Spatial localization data
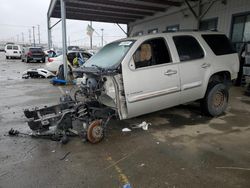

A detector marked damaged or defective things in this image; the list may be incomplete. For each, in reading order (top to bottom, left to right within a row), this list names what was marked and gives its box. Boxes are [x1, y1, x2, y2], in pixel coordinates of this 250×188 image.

damaged front end [23, 65, 127, 143]
detached wheel [87, 120, 104, 144]
damaged door [122, 37, 181, 118]
detached wheel [201, 82, 229, 117]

| Exercise aim |
Copy the data word for word. Pictures do not go in the copy.

| Response box |
A detector marked damaged or defective things in this image; the list may be incomplete. For each, in reading order (top to bottom, left to right within a row), this list names what was marked and gives its box. Boxes are [x1, y1, x2, y2], in pixel coordinates of this 250×188 image.

damaged front end [23, 65, 127, 143]
detached wheel [87, 120, 104, 144]
damaged door [122, 37, 181, 118]
detached wheel [201, 82, 229, 117]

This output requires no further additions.